Screenshots shared on the LockBit site show the file structure of a Windows operating system, containing directories corresponding to municipal operations like finance, health and safety, sewage treatment, property files, and public works. Per LockBit’s standard operating methods, the town was given a deadline by which to pay to have their systems unlocked or else see the data published online.

Brett O’Reilly, communications manager for the town of St. Marys, directed The Verge to a press statement issued by St. Marys in which the town gave further details. Per the statement, essential municipal services like transit and water systems have been unaffected by the incident, and the town is attempting to unlock IT systems and restore backup data.

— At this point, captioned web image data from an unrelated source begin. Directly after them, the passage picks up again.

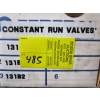 Image 2 : SM. LOT OF CONSTANT RUN VALVES
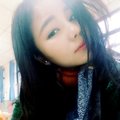 泡芙熏香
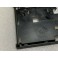 Peças  Lenovo ThinkPad T440p 14" Bottom case chassis + spk SM10A12306 AP0SQ000800 A4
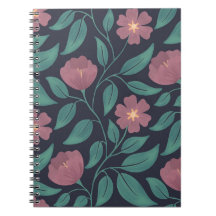 Crimson Cascade (op grote schaal)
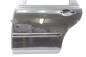 Preview: Lenkrad Airbaglenkrad Audi A4 8E 8E0419091 8E0419091BE 8E0880201AA 02-2001 gebraucht 1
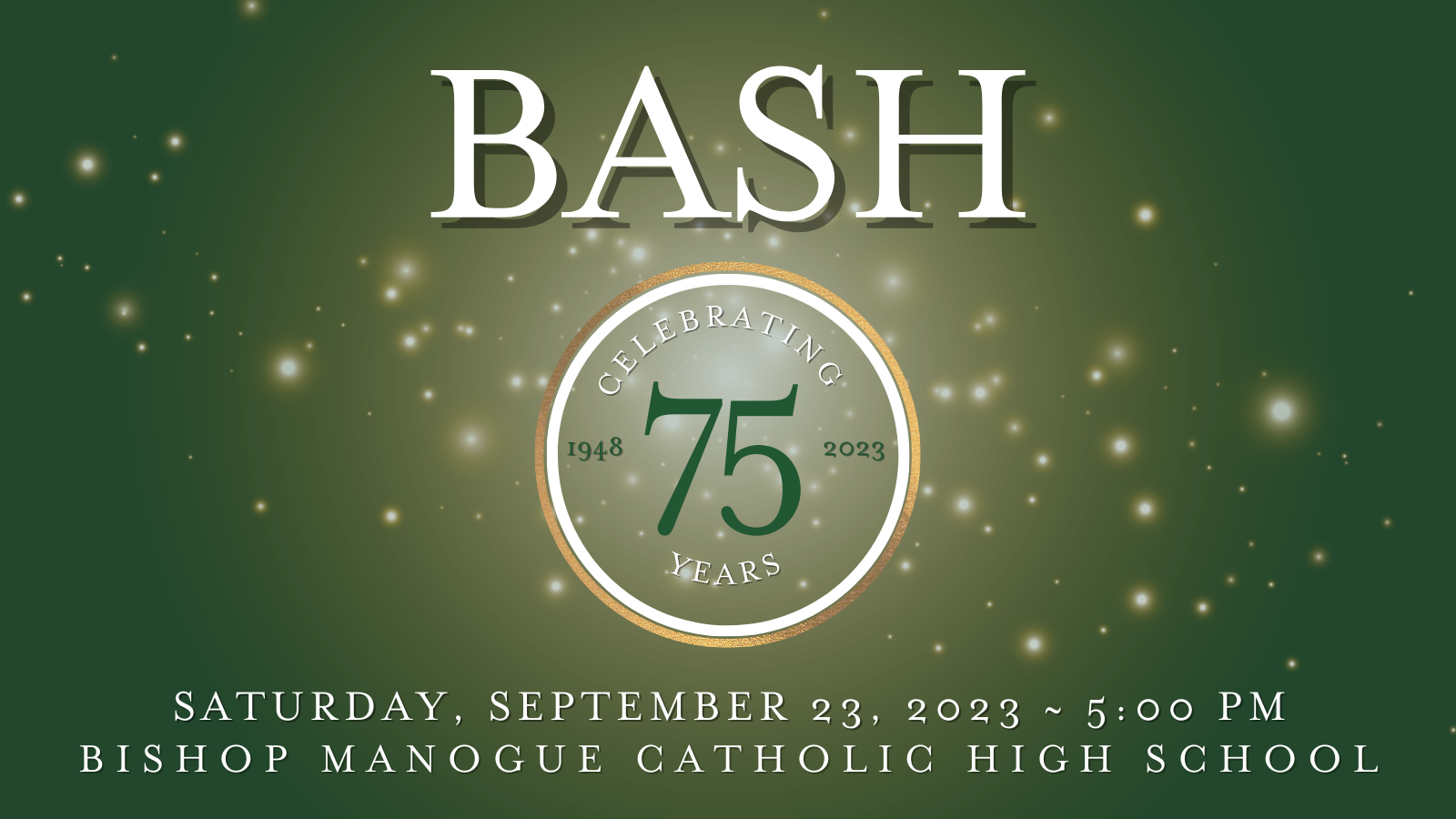 Event Logo Image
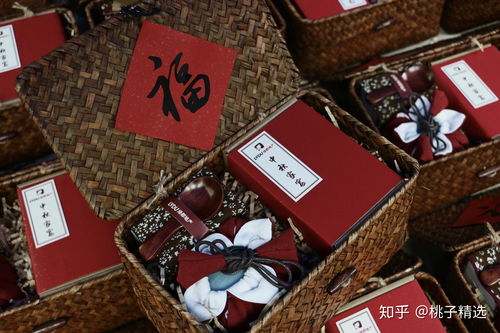 800份商務禮品采購推薦 預算150-500元內的優選方案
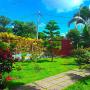 Хостелы - Масая, Hostal Los Pueblos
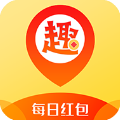 趣点红包app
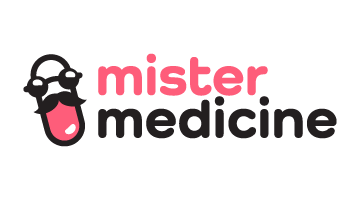 mistermedicine.com is for sale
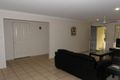 Property photo of 21/25 Buckingham Place Eight Mile Plains QLD 4113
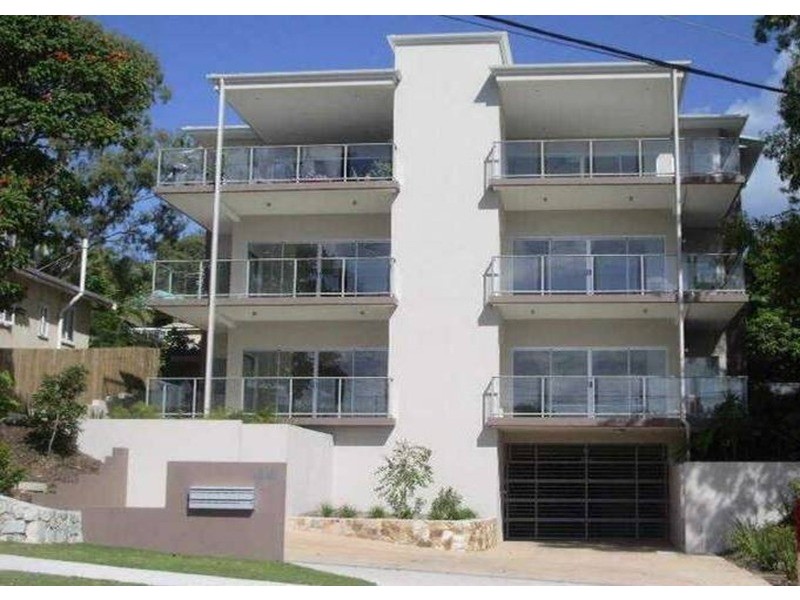 4/44 Yandina Coolum Road, Coolum Beach QLD 4573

According to an analysis by Recorded Future, the LockBit group alone took credit for 50 ransomware incidents in June 2022, making it the most prolific global ransomware group. In fact, St. Marys is the second small town to be targeted by LockBit in the space of just over a week: on July 14th, LockBit listed data from the town of Frederick, Colorado (population 15,000) as having been hacked, a claim that is currently under investigation by town officials. The LockBit listing for Frederick currently demands a ransom of $200,000 not to publish the data.

Increasingly, smaller municipalities are finding themselves the targets of sophisticated global ransomware groups with extensive technical knowledge and resources. In March, the FBI cyber division published a notification to private industry partners of government agencies, noting that ransomware attacks were “straining local US governments and public services.”